The Eternal Torah and PaRDeS

The "Mind of God" or Eternal Torah is revealed through the Oral and Written Torah. The Oral clarifies the Written Torah and brings us to deeper levels of understanding and practice. These levels, traditionally defined as four, must always be harmonious with the Written Torah! PaRDeS is an acronym formed from the first letters of these four levels of Torah interpretation:

Peshat: The simple, explicit, or surface meaning.

Remez: The meaning attained by “reading between the lines.” In modern Hebrew remez refers to a “hint.” Traditionally this refers to methods such as gezera shava (using equivalent language, implying equivalent meaning) and gematria (word-number values) and the like.

Derash: The homiletical or interpretative meaning. The word midrash is from the same root as drash, referencing an interpretation that is not explicit in the text, but is suggested by it.

Sod: The “secret,” mystical or esoteric meaning such as we find in Kabbalah.

Chassidus sometimes includes a fifth level, Sod of Sod, “the secret of secrets.” This is said to be the innermost confidential meaning of the Torah.

As revealed in the Zohar,

"There are three levels bound together - the Holy One, blessed be He, the Torah and [the people of] Israel. Each of them [comprises] level upon level, hidden and revealed. The Holy One, blessed be He, level upon level, is hidden and revealed. The Torah, too, is hidden and revealed. And so too Israel is level upon level, as it is written, 'He tells His words [of Torah] to Jacob, His statutes and ordinances to Israel' (Psalms 147:19). There are two levels [of the Jewish people mentioned in the verse]: Jacob and Israel. One [Jacob] is revealed and the other [Israel] is hidden" (Zohar vol.

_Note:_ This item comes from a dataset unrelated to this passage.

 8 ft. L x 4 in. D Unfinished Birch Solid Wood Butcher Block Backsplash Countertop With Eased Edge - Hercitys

III, 73a).

Where the Written Torah leaves words and concepts undefined, where it orders various observances without giving explanation or instructions, we seek guidance from the Oral Torah and the various supplementary teachings of the sages and rabbinim (such as Rebbe Nachman's Likutey Moharan). “Observe HaShabbat” commands the Written Torah, but how to do this is explained in the Oral Torah and the supplemental texts. The same is true with many topics. We have been given a vast library of Torah knowledge to guide us!

Two Talmuds:

The term "Talmud" normally refers to the Babylonian Talmud, although there is also the collection known as the Jerusalem Talmud.

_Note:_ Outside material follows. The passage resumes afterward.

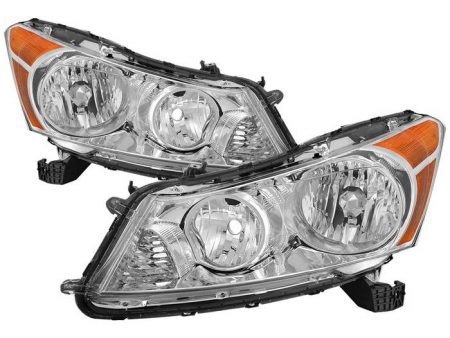 Xtune Crystal Headlights Honda Accord Sedan (08-12) [Halogen Only] Black w  Amber Turn Signal Lights Fashion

The Talmud is composed of the Mishnah (Hebrew: משנה, c. 200 CE): This is the written "Instruction" or "Teaching") and the Gemara (c. 500 CE), which is a clarification of the Mishnah and related writings. The complete Talmud consists of 63 tractates and is over 6,200 pages long. It is written in Tannaitic Hebrew and Aramaic and contains the wisdom of thousands of rabbis on innumerable subjects.

To help Jews better understand the Talmud, Rambam (Maimonides) produced the Mishneh Torah, subtitled the Sefer Yad HaHazaka (ספר יד החזקה "Book of the Strong Hand"). This work is a principle codification of Jewish Law (Halacha).

The Shulchan Aruch by Rabbi Yosef Karo in 1563 essentially sought to clarify the Mishna Torah and to present a practical guide to daily Jewish life. Rabbi Schneur Zalman of Liadi (i.e. the first Lubavitcher Rebbe) authored the Shulchan Aruch HaRav. The Kitzur Shulchan Aruch was written by Rabbi Shlomo Ganzfried to further organize and further clarify the Laws.

Originally the Oral Torah was passed down from teacher to student orally however during the Babylonian captivity concerns began to arise about the purity of its transmission. Following the fall of Masada in 71 CE this knowledge was written down and preserved as the Jerusalem and Babylonian Talmuds. We have a very extensive religious and legal library as Jews. Despite all of this meticulous documentation and explanation, “Torah” remained One because HaShem is One. Torah then is truly the Mind of the Eternal One.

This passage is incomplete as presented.